There’s widespread concern that video cameras will use facial recognition software to track our every public move. Far less remarked upon — but every bit as alarming — is the exponential expansion of “smart” video surveillance networks.
Private businesses and homes are starting to plug their cameras into police networks, and rapid advances in artificial intelligence are investing closed-circuit television, or CCTV, networks with the power for total public surveillance. In the not-so-distant future, police forces, stores, and city administrators hope to film your every move — and interpret it using video analytics.
The rise of all-seeing smart camera networks is an alarming development that threatens civil rights and liberties throughout the world. Law enforcement agencies have a long history of using surveillance against marginalized communities, and studies show surveillance chills freedom of expression — ill effects that could spread as camera networks grow larger and more sophisticated.
To understand the situation we’re facing, we have to understand the rise of the video surveillance industrial complex — its history, its power players, and its future trajectory. It begins with the proliferation of cameras for police and security, and ends with a powerful new industry imperative: complete visual surveillance of public space.
In their first decades of existence, CCTV cameras were low-resolution analog devices that recorded onto tapes. Businesses or city authorities deployed them to film a small area of interest. Few cameras were placed in public, and the power to track people was limited: If police wanted to pursue a person of interest, they had to spend hours collecting footage by foot from nearby locations.

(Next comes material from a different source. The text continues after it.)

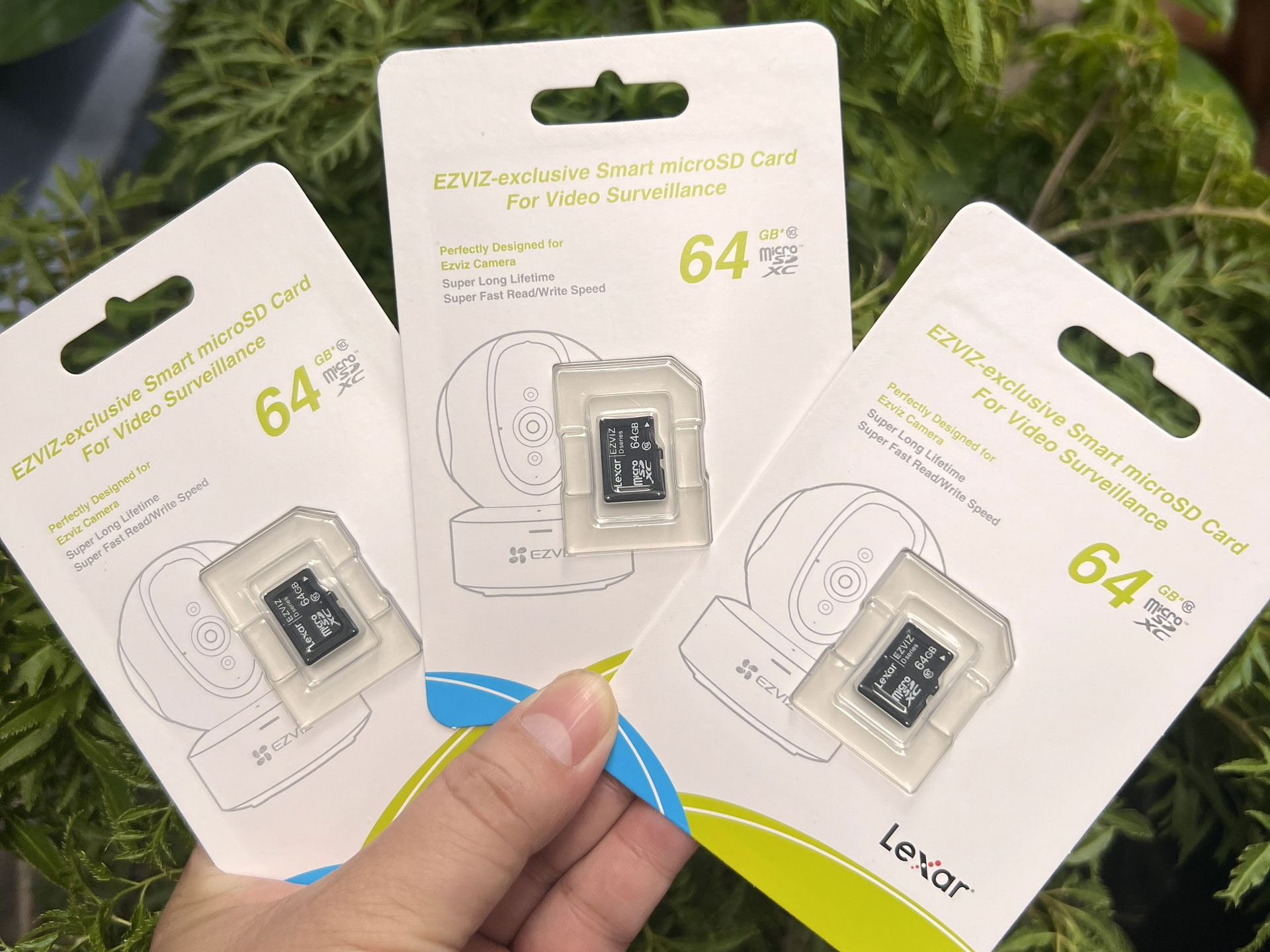 THẺ NHỚ LEXAR 64GB MICRO SDXC EZVIZ D SERIES CLASS 10 - HÀNG CHÍNH HÃNG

In the late 1990s, video surveillance became more advanced. A company called Axis Communications invented the first internet-enabled surveillance camera, which converted moving images to digital data. New businesses like Milestone Systems built Video Management Systems, or VMS, to organize video information into databases. VMS providers created new features like motion sensor technology that alerted guards when a person was caught on camera in a restricted area.
As time marched on, video surveillance spread. On one account, about 50 years ago, the United Kingdom had somewhere north of 60 permanent CCTV cameras installed nationwide. Today, the U.K. has over 6 million such devices, while the U.S. has tens of millions. According to marketing firm IHS Markit, 1 billion cameras will be watching the world by the end of 2021, with the United States rivaling China’s per person camera penetration rate. Police can now track people across multiple cameras from a command-and-control center, desktop, or smartphone.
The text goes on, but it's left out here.